United States of America (1987-1991)
Missile Tank Destroyer – 5 Built
The AGM-114 ‘Hellfire’ missile was developed by the US Army specifically to counter modern Soviet main battle tanks in a potential clash of superpowers during a Cold War-turned-hot scenario. Thankfully for all concerned, such a conflict did not erupt, the Cold War ending with the collapse of the Soviet Union.
The missile itself is a third-generation anti-tank missile capable of both air-launch (originally from the Advanced Attack Helicopter program by Hughes Aircraft Company) but also from the ground, in a line of development dating back to the late 1960s with the LASAM (LAser Semi Active Missile) and MISTIC (MIssile System Target Illuminator Controlled) programs. By 1969, MYSTIC, the over the horizon laser missile program, had transitioned into a new program known as the ‘Heliborne Laser Fire and Forget Missile’, shortly thereafter renamed ‘Heliborne Launched Fire and Forget Missile’, later shortened to just ‘Hellfire’.
By 1973, the Hellfire was already being offered for procurement by Rockwell International based in Columbus, Ohio and to be manufactured by Martin Marietta Corporation. Somewhat misleadingly, it was still being considered or labelled by some as a ‘fire and forget’ type of weapon.
Procurement and limited manufacturing followed, with the first test firings of the finished product, known as the YAGM-114A, at Redstone Arsenal in September 1978. With some modifications to the infra-red seeker of the missile and Army trials completed in 1981, full scale production began in early 1982. The first units were fielded by the US Army in Europe at the end of 1984. It is worthy of note that, as far back as 1980, the US Army was considering how to leverage the Hellfire onto a ground-launched platform.

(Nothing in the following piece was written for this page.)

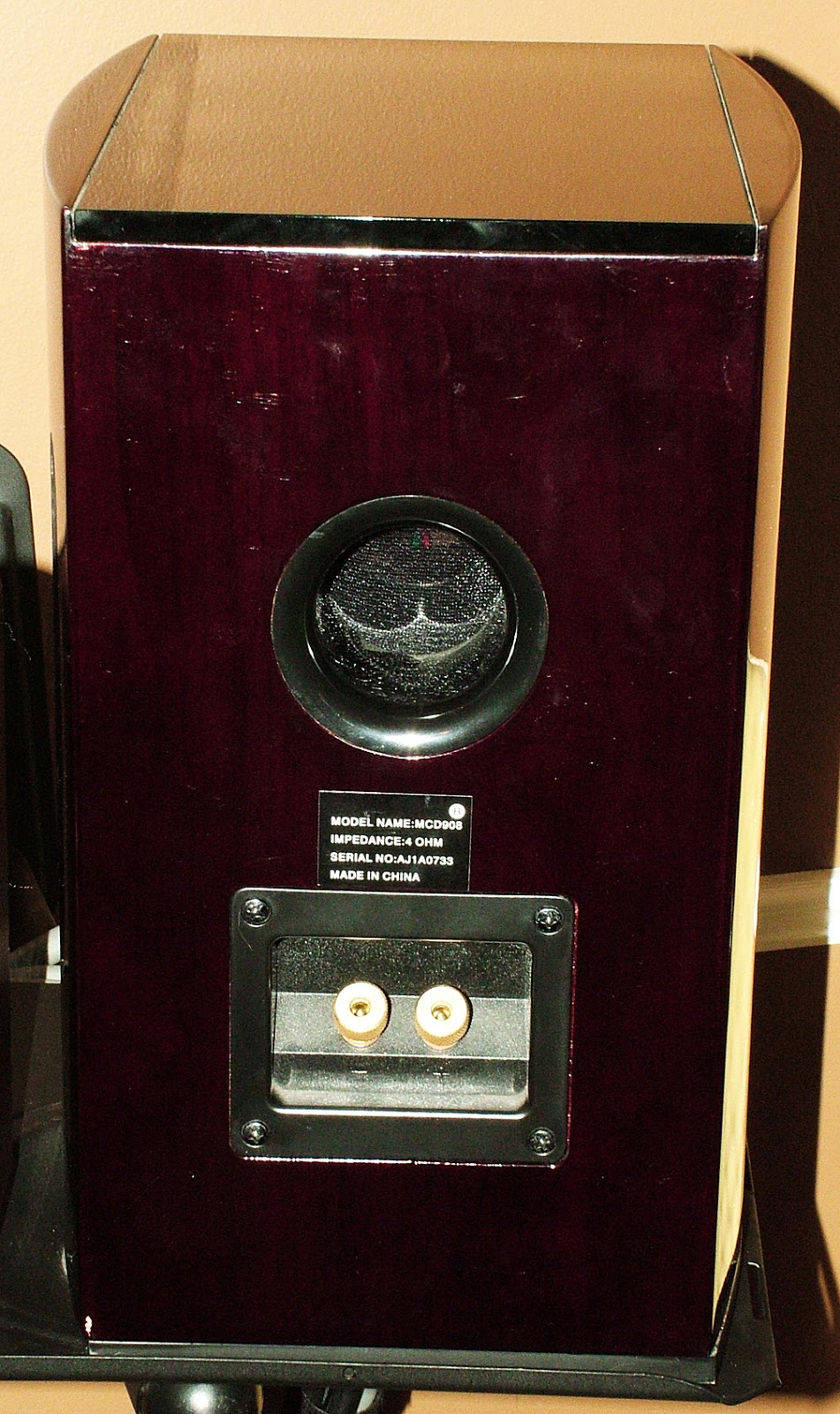 Amazing Philips Speakers Model MCD908. Beautiful, well designed and awesome sounding!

Despite occasionally being mislabelled as a fire and forget missile, the Hellfire can, in fact, be used quite differently. Fire and Forget implies that, once the weapon is locked onto a target, it could be fired and then the launch vehicle could retreat to a safe distance or move on to the next target. This was not strictly correct, as the missile also had the ability to have its trajectory changed during flight by up to 20 degrees from the original and up to a 1,000 m each way.
Targeting for the missile was by means of a laser which was projected from a designator, either in the air or on the ground, regardless of from where the missile was launched. An air-launched Hellfire could, for example, be targeted onto an enemy vehicle by a ground designation laser or by other designating aircraft. The missile was not limited to ground targets either, it could also be used to target aircraft, with some emphasis on its ability to counter enemy attack helicopters. Thus, the missile gained a substantial survivability bonus for a launch vehicle, as it did not have to remain in situ and could even be fired from over the horizon, such as over a hill at targets beyond.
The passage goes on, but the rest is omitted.